* **To do**: Reproduce all of the data exactly. Images are not to appear in the reply.

[Items from a data source]

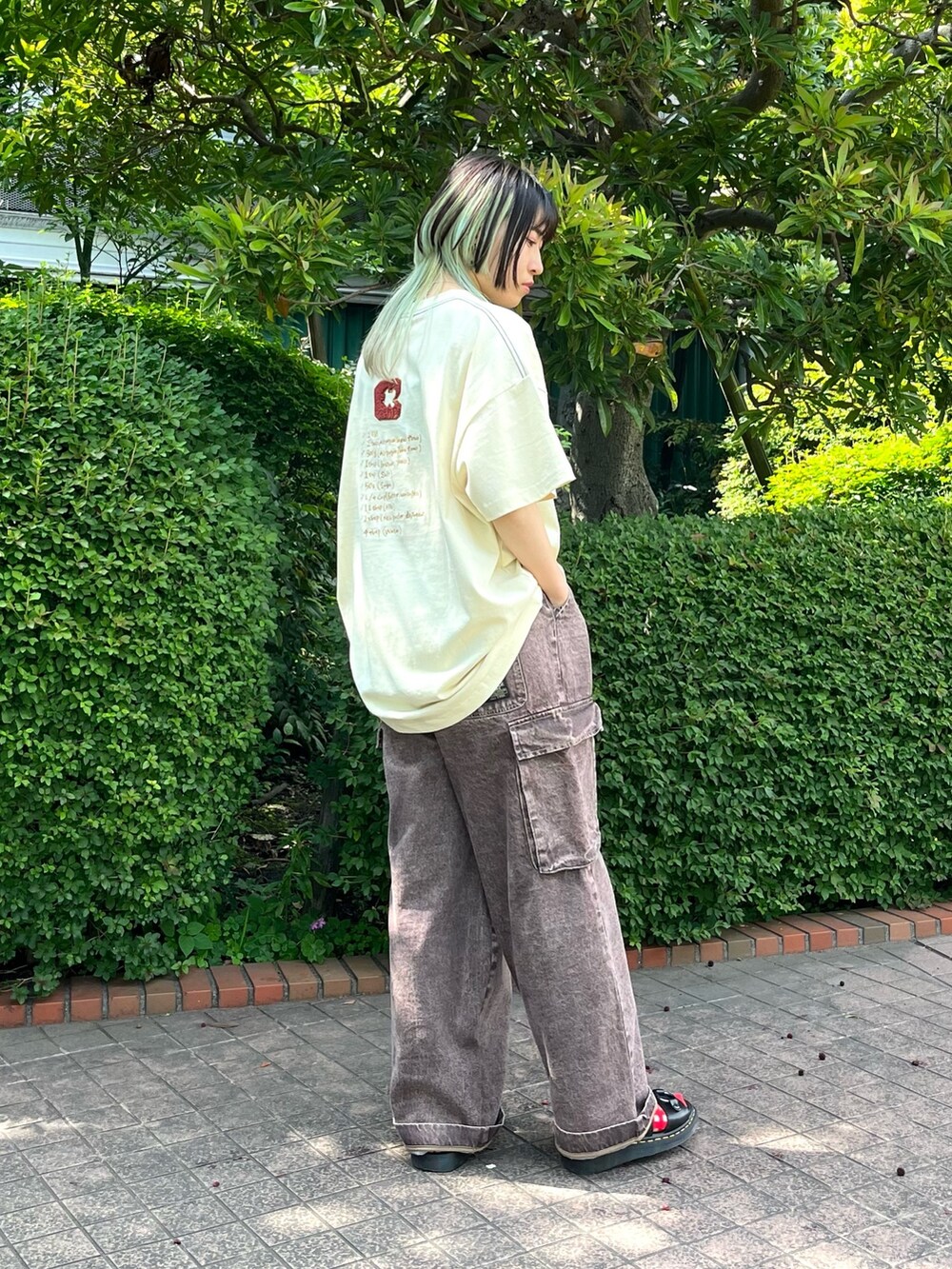 ホワイト系のTシャツ/カットソー、ブラウン系のデニムパンツ、ブラック系のベルトを着用したレディースの夏コーディネートの2枚目の写真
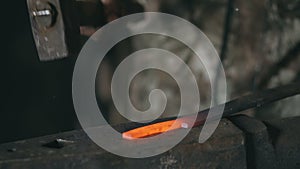 Closeup of bearded young man blacksmith manually forging hot metal on the anvil in smithy with spark fireworks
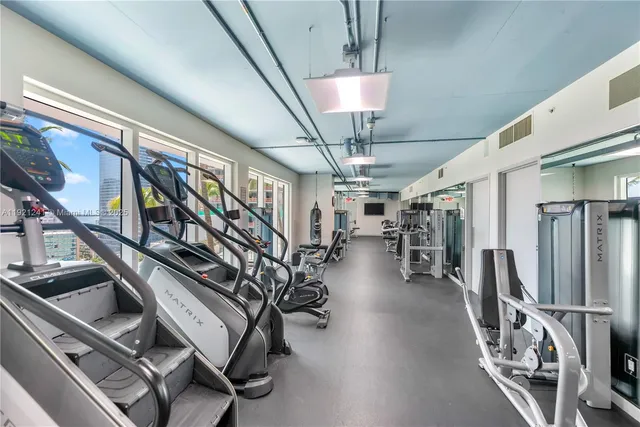 a view of a room with gym equipment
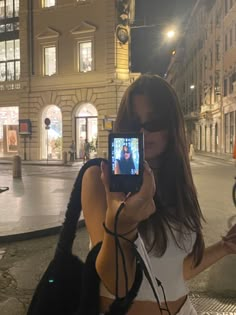 a woman taking a selfie with her cell phone in the city at night time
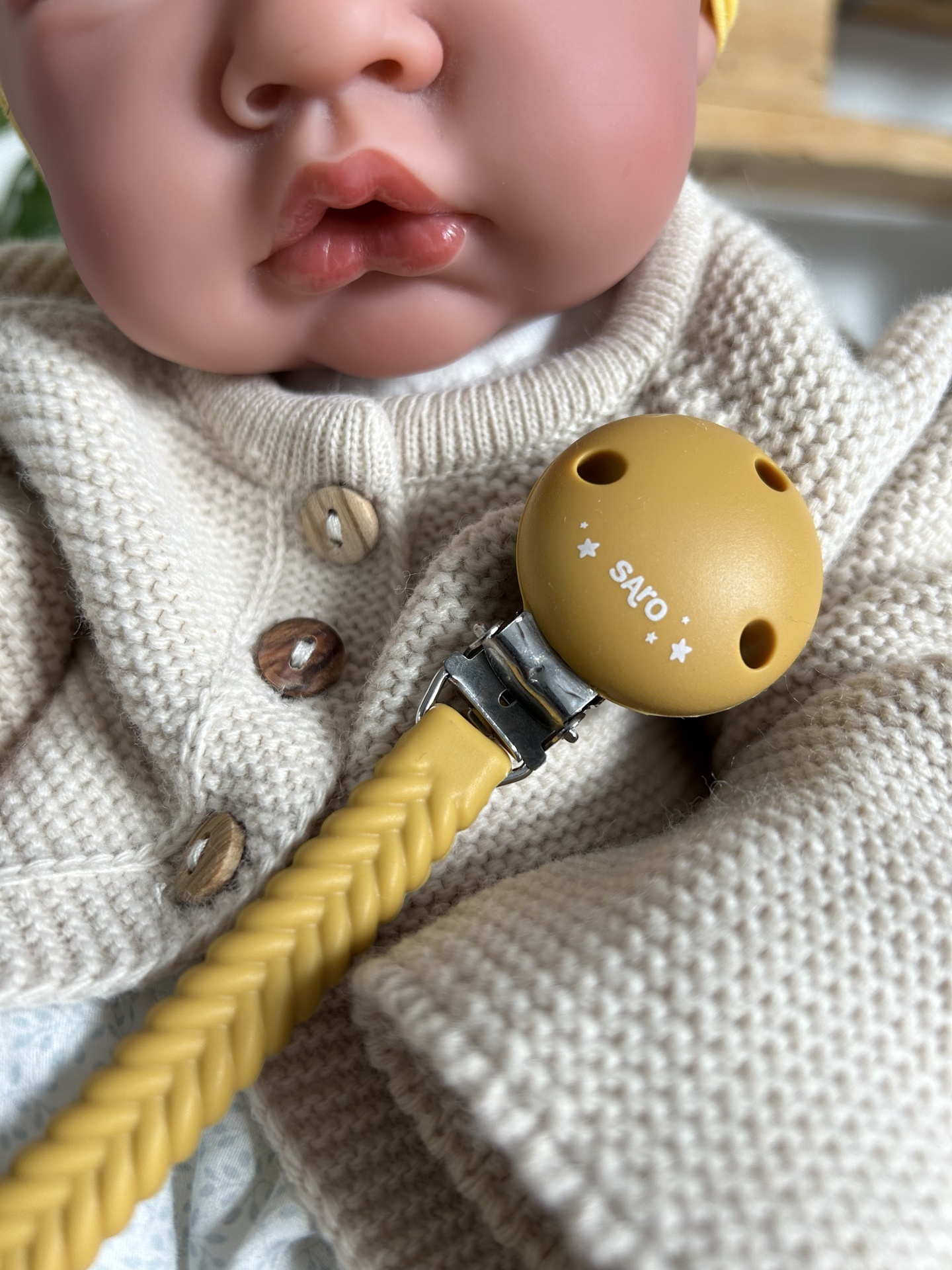 Chupeta amarela com clip e cordão sobre roupa creme de boneca realista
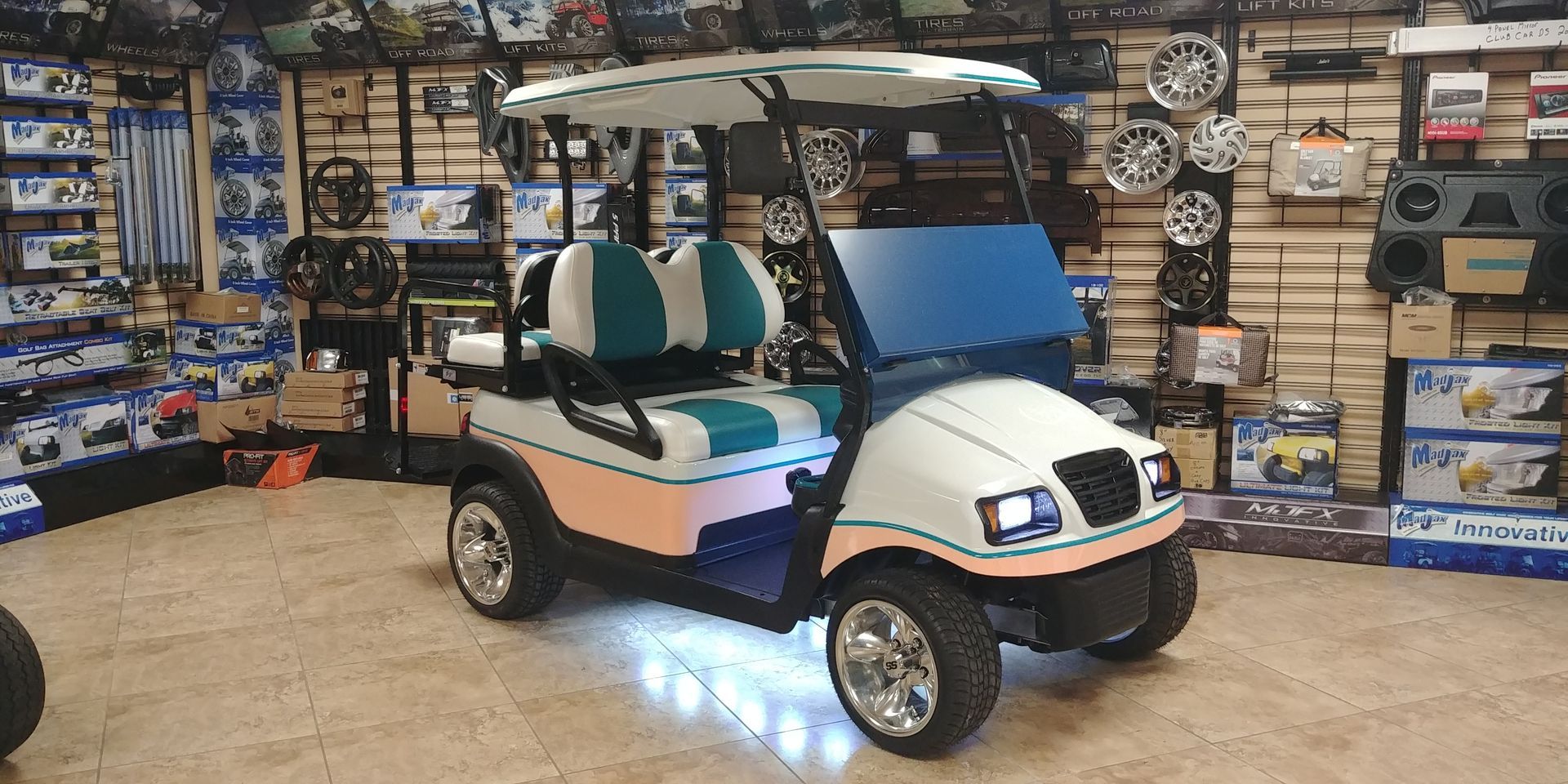 White golf cart with teal accents in a shop.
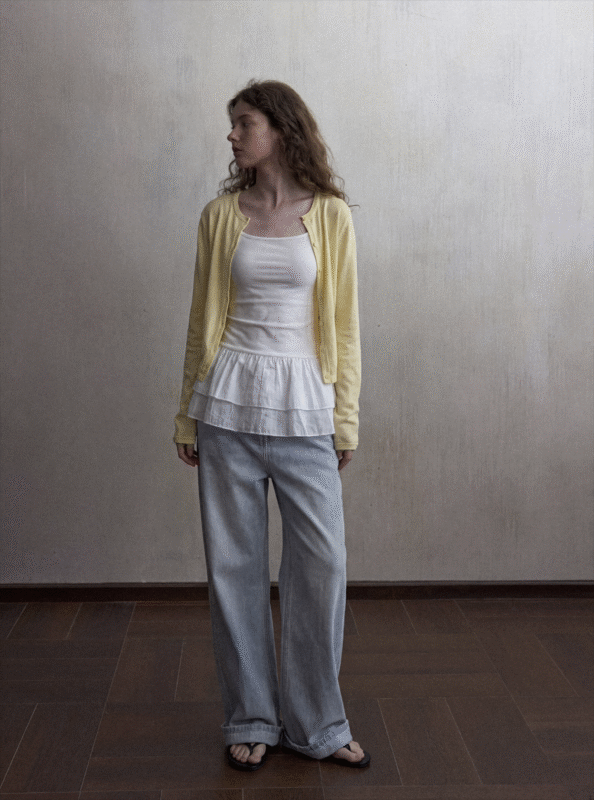 A woman with wavy hair stands indoors wearing a yellow cardigan over a white top with a ruffled hem, loose light blue jeans, and black sandals, looking to her left against a plain light-colored wall.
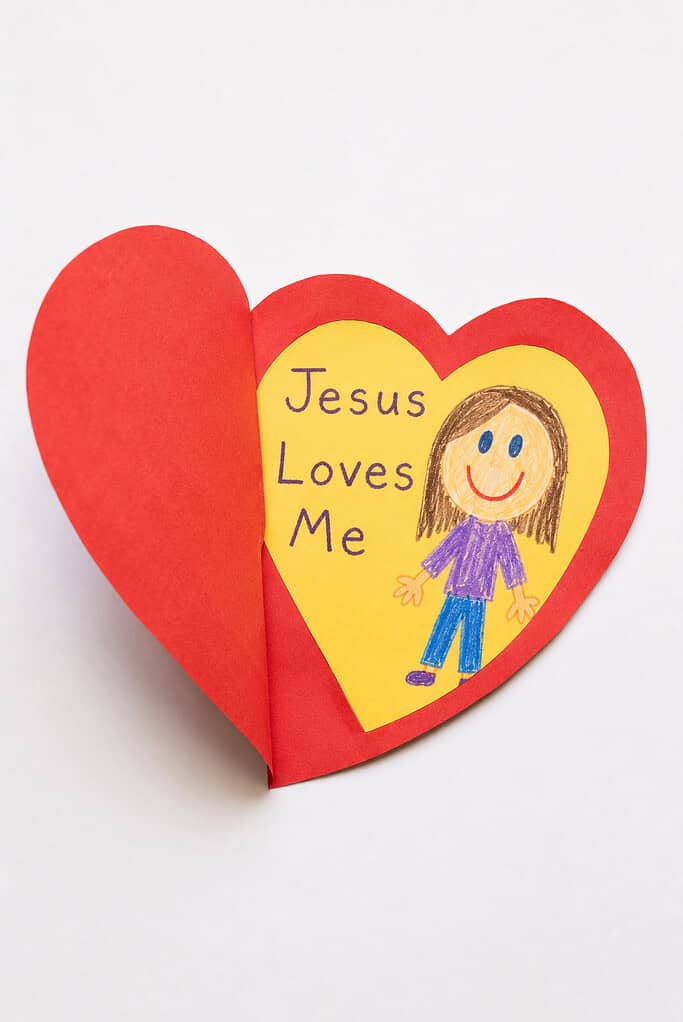 a simple child-made self-portrait inside and a small hand-lettered paper message that reads "Jesus Loves Me."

* **Result for this exercise**:
 ホワイト系のTシャツ/カットソー、ブラウン系のデニムパンツ、ブラック系のベルトを着用したレディースの夏コーディネートの2枚目の写真
 Closeup of bearded young man blacksmith manually forging hot metal on the anvil in smithy with spark fireworks
 a view of a room with gym equipment
 a woman taking a selfie with her cell phone in the city at night time
 Chupeta amarela com clip e cordão sobre roupa creme de boneca realista
 White golf cart with teal accents in a shop.
 A woman with wavy hair stands indoors wearing a yellow cardigan over a white top with a ruffled hem, loose light blue jeans, and black sandals, looking to her left against a plain light-colored wall.
 a simple child-made self-portrait inside and a small hand-lettered paper message that reads "Jesus Loves Me."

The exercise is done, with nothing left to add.